RNAi was employed to knock down the expression of caspase-8 and caspase-9 in the HDPSCs from deciduous teeth. We designed and chemically synthesized four DNA oligos for each gene and then chose the best one for RT-qPCR assays. The siRNA oligo sequences for caspase-8 and caspase-9 were as follows: (caspase-8) siRNA1, 5′-CUACCAGAAAGGUAUACCUTT-3′, siRNA2: 5′-GAGGGUCGAUCAUCUAUUATT-3′, siRNA3: 5′-GGGUCGAUCAUCUAUUAAUTT-3′, and siRNA4: 5′-GAGCUGCUCUUCCGAAUUATT-3′; (caspase-9) siRNA1: 5′-GAUGCCUGGUUGCUUUAAUTT-3′, siRNA2: 5′-CGGUGAAAGGGAUUUAUAATT-3′, siRNA3: 5′-CACCCAGUGACAUCUUUGUTT-3′, and siRNA4: 5′-GCCACUGCCUCAUUAUCAATT-3′. The empty vector, LV3-shRNAs was transfected into HDPSCs, serving as a negative control. All siRNA sequences were examined for specificity using a BLAST search (15) and failed to show homology to any other genes in Homo sapiens.

Both RT-qPCR and western blotting were performed to assay the expression the transfected and untransfected HDPSCs from deciduous teeth. β-actin and GAPDH were used as internal and positive control in RT-qPCR and Western blot assays, respectively. After investigating the expression, we finally chose the first (caspase-8 siRNA1) and second (caspase-9 siRNA2) primer of caspase-8 and caspase-9 for Lentivirus construct (LV3) and following RNAi and RT-qPCR assays, respectively.

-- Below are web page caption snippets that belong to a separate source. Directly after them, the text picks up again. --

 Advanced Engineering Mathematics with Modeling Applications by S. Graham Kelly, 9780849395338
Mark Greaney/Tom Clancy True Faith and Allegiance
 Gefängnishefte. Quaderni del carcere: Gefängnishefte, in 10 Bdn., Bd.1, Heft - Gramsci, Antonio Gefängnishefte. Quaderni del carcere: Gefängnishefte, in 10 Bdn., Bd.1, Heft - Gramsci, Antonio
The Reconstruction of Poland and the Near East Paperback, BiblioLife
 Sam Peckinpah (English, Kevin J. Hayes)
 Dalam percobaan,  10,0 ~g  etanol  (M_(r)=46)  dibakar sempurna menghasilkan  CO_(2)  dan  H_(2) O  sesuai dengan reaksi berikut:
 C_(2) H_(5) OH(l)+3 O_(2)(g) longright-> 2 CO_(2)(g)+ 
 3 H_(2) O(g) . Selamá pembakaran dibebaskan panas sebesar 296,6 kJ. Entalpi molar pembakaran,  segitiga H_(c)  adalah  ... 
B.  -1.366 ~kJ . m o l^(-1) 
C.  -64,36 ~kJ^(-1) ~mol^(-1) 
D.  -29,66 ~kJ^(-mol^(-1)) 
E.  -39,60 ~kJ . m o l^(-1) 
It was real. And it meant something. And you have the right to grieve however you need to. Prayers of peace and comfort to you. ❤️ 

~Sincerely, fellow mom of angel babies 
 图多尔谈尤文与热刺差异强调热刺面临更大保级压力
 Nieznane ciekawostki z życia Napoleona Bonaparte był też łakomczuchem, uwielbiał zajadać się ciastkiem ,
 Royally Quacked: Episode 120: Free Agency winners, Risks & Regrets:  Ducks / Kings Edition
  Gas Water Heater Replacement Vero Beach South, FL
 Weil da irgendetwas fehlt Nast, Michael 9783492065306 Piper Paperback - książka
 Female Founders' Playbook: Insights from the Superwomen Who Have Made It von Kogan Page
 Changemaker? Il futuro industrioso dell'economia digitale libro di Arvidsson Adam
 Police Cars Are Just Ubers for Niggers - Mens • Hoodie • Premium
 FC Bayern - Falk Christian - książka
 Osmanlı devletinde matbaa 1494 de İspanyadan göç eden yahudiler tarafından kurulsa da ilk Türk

Furthermore, the untransfected HDPSCs, HDPSCs transfected with empty vector, caspase-8 and caspase-9 siRNAs (caspase-8-siRNA and caspase-9-siRNA), were cultured, trypsinized, washed, and stained with Annexin V-APC/7-AAD apoptosis kit (Multi Sciences Biotech) in the dark for 15 min at room temperature. Then, the stained cells were analyzed by flow cytometry.

Caspase activity assay

Cultured HDPSCs, separated from deciduous teeth, were harvested and lysed with lysis buffer (cat. no. P0013; Beyotime Institute of Biotechnology). After 16,000–20,000 × g centrifugation at 4°C for 10–15 min, the protein concentration was measured using Bradford method. The caspase-3 activity of untransfected HDPSCs, HDPSCs transfected with empty vector, HDPSCs transfected with caspase-8 and caspase-9 siRNAs (caspase-8-siRNA and caspase-9-siRNA) were assayed with Caspase-3 Activity Assay kit (Beyotime Institute of Biotechnology) according to manufacturing instruction. In order to check the correlation of caspase-3 expression and activity, RT-qPCR assays were also performed to measure the expression of caspase-3 in all these four groups of cells.

Statistical analysis

An unpaired Student's t-test and an one-way analysis of variance (ANOVA) in IBM SPSS platform were used to perform statistical analysis. For two groups, unpaired two-tailed Student's t tests were used; for more than two group comparisons, one-way ANOVAs were used followed by the post hoc Tukey's HSD (honest significant difference) test. Statistical significance was determined with unpaired Student's t-test or One-way ANOVA test. P<0.05 was regarded as statistically significant (*P<0.05, **P<0.01). Additionally, Pearson correlation analysis was conducted in Excel to calculate possible correlation between caspase-3 expression and activity.

Results

Characterization of HDPSCs

The separated cells from deciduous teeth and adult permanent teeth were round or irregular shape (Fig. 1A-D) after primary separation and enrichment by Anti-immunoglobulin M Micro Beads (Miltenyi-Biotec). However, the HDPSCs were fusiform after culture for 2 weeks (Fig. 1E-H). This observation is similar to previous report (16), in which SHED and DPSCs displayed a fibroblastic morphology.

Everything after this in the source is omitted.